Link: https://www.kaggle.com/competitions/google-quest-challenge

Problem Type: learning to rank

Input: Each row contains a question, and the answer to it (on a Q&A site)

  • Note: multiple rows can come from the same question, we group by question_body
    • but they are in different rows since there were more than one answer to the question

Output:

  • for each questionId, generate it’s ordering (so we can sort and use column-wise Spearman’s correlation Coefficient later)
  • Note: even though a question may have multiple answers, we don’t care. we are just ordering each unique questionId.

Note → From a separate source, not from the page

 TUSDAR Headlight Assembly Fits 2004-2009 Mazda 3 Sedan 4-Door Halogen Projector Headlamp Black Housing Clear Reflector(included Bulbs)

Eval Metric: column-wise Spearman’s correlation Coefficient

  • The goal is to see how well your model can rank Q&A forum posts based on these target columns:
    • question_well_written
    • answer_helpful
    • answer_relevance
    • answer_type_reason_explanation
    • etc.
  • there are 30 target columns
    • each target column is a value from [0,1]
    • for each column:
      • kaggle sorts your predictions (decreasing yhat)
        • the yhat you predict is just used to sort all the test rows
      • we now have an ordered array of [questionId, rank]
        • the rank is just used to sort all the questionIds
      • we now run spearman’s correlation of this array AGAINST kaggle’s ordering of this array
    • since there are 30 columns, kaggle does it 30 times^
    • The final score is the average of all 30 of these spearman correlations
  • A common approach was to treat it as a binary classification problem, cause the better you can predict each row’s score, the more accurate it’s rank will be
  • IMPORATANT NOTE:
    • these target variables can have duplicate values (since they were evaluated against a rubric, not against each other)
    • many of these targets only had 4 distinct values
      • 0, 1/3, 2/3, 1
    • so ppl in the competition talked about ”thresholding” their predictions (and treating it as a classification problem, rather than a regression or even a ranking problem)
    • why does making it discrete matter? doesn’t Spearman’s correlation Coefficient only care about rank?
      • no. cause spearman correlation IS DIFFERENT if two items have have same score vs if one is a bit higher than other

Summary

  • There were A LOT OF THE TOP KAGGLE GRANDMASTERS IN THIS COMPETITION.
    • so the solutions are very high quality

Important notebooks/discussions

Solutions

  • (1st) postprocess to match target distribution, use intermediate layer results (weighted)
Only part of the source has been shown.